リスかと思うほど小さかった子猫、偶然駅で出会った人の家族になる

渡辺 陽 渡辺 陽

東京都に住む白鳥さんは、結婚後、いつか猫を飼いたいなと思っていたが、偶然が重なり、駅で1匹の子猫と出会った。最初は、預かるだけのつもりだったが、生まれて間もない子猫を育てるうちに愛着がわいて手放せなくなった。

駅で出会った子猫

2014年7月、白鳥さんは、ほろ酔い気分で駅のホームにいた。サンダルのヒールが折れかけたのでベンチに座り、ふと足元を見るとケージがぽつんと置いてあり、中にはリスのようなものが入っていた。「リスって珍しいな、暑いのに大丈夫なのかな」と思ってみていると、向こうのほうから中年の男性がやってきた。

「これはリスですか?」と聞くと、「秋葉原で子猫を配っている人がいた。最後にこの子が残っていたので僕が引き取ったが、妻に電話したら、ペルシャ猫を飼っているし、ヨーロッパ旅行に行く直前なので引き取れない、返してきなさいと言われた。もうすぐここに猫を配っていた人が来るので、子猫を返すつもりだ」と言う。

やがて子猫を配っていた人がやってきた。「お姉さんもどうですか、見てくださいよ」と写真を見せられたが、ひとつの部屋に30匹くらいの子猫がいた。

白鳥さんは、「ヨーロッパ旅行から帰ってくるまで子猫を預かります」と言い、子猫を連れて家に帰った。 

つきっきりで子猫を飼育

白鳥さんは猫が好きで、結婚したら猫を飼いたいと思っていたので、面倒をみているうちに情が移ってしまった。駅で出会った男性に電話して「ごめんなさい、返せない」と言うと、「ちょうどよかった。男の子のペルシャ猫の気が強いからどうしようかと思っていた」と言われた。
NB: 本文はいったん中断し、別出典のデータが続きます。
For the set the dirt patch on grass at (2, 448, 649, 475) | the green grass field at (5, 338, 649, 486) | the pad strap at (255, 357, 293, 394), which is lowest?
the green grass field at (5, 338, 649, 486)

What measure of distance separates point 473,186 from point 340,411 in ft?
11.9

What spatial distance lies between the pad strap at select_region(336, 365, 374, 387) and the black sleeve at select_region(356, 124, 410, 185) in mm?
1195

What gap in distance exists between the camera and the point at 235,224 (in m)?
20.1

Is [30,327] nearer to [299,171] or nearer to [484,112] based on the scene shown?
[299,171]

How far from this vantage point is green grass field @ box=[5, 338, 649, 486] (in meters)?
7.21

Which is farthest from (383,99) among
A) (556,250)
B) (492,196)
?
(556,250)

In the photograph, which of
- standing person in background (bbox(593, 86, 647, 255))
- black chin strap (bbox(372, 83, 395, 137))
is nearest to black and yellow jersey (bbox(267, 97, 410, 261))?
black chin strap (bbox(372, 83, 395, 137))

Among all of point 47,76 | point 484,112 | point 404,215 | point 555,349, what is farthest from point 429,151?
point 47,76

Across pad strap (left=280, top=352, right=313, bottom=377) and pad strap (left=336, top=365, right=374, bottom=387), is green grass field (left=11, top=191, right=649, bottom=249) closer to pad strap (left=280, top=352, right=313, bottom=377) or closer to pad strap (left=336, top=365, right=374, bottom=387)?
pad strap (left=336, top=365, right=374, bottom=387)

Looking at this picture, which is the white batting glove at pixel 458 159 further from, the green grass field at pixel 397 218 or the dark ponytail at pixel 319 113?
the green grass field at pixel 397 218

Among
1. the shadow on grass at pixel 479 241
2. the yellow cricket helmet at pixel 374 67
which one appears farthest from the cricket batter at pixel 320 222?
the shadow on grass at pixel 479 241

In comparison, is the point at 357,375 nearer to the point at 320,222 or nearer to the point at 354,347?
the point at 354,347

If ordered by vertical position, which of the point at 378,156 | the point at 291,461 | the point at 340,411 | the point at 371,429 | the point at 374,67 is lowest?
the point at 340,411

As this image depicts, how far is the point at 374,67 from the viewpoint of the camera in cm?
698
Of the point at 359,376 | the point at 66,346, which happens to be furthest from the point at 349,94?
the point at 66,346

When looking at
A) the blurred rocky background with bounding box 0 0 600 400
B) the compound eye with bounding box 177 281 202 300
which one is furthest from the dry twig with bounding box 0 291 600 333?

子猫を動物病院に連れて行くと、まだ生後4、5日だと言われた。生後1カ月までは、3時間おきにミルクを与えないといけなかった。当時、白鳥さんは、心理カウンセラーの仕事をしていたのだが、たまたま同僚に猫好きの人が多かったので、事情を知って勤務シフトを変わってくれた。おかげで、白鳥さんは、つきっきりで子猫の面倒を見ることができたという。

名前は、幸運という意味の「ラックくん」にした。

ご主人は猫アレルギーだったが、思ったほどひどい症状が出なかった。空気清浄機を2台設置し、拭き掃除を1日2回している。 

先輩猫から学んで成長

ラックくんはミルクがあまりうまく飲めなくて、気管支のほうに入ってしまうことがあった。肺に入って炎症を起こさないよう抗生物質を飲ませながらミルクを与えた。大きくなっても、とにかくなんでも遅いし、どんくさい。

白鳥さんが出張に行く時は、近所のお兄さん猫が2匹いる家に預けて行った。ラックくんは、お兄ちゃん猫たちが構ってくれるので、その日をとても楽しみにしていた。気配を察してケージに入って待機するほどだった。

お兄ちゃん猫たちの行動を観察して、おもちゃの遊び方や攻撃の仕方、飛び方、食べ方、水の飲み方など、何から何まで学習し、急成長。いろんなことができるようになった。